As I understand the Dynamo SDK it is about simplifying and helping someone get started with Dynamo on Kubernetes.

From the user set we work with (large inference deployers) that is not a high priority - they already have mature deployment opinions or a set of tools that would not compose well with something like the Dynamo SDK. Their comfort level with Kubernetes is moderate to high - either they use Kubernetes for high scale training and batch, or they are deploying to many different providers in order to get enough capacity and need a standard orchestration solution.

llm-d focuses on helping achieve efficiency dynamically at runtime based on changing traffic or workload on Kubernetes - some of the things the Dynamo SDK encodes are static and upfront and would conflict with that objective.
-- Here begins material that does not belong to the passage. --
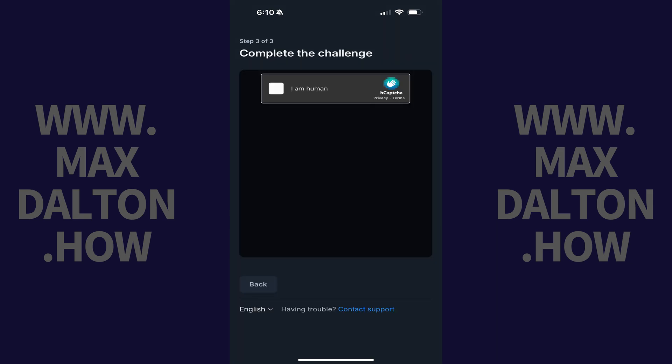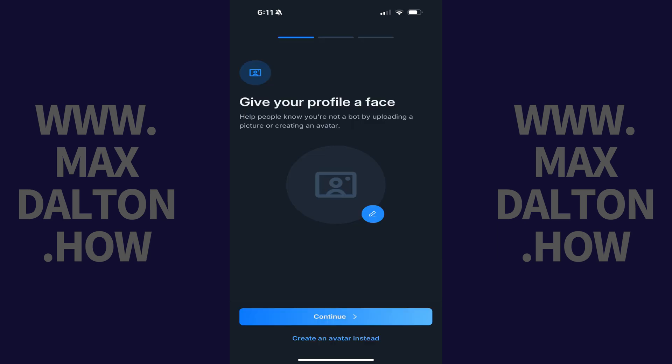If you're presented with a challenge to prove that you're a human, complete that challenge. The next screen will prompt you to either load a profile picture or create an avatar.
Also, large deployers with serving typically have significant batch and training and they are looking to maximize capacity use without impacting their prod serving. That requires the orchestrator to know about both workloads at some level - which Dynamo SDK would make more difficult.

rdli•7mo ago
In this analogy, Dynamo is most definitely not like Django. It includes inference aware routing, KV caching, etc. -- all the stuff you would need to run a modern SOTA inference stack.
qntty•7mo ago
You're right, I was confusing TensorRT with Dynamo. It looks like the relationship between Dynamo and vLLM is actually the opposite of what I was thinking -- Dynamo can use vLLM as a backend rather than vice versa.
Kemschumam•7mo ago
What would be the benefit of this project over hosting VLLM in Ray?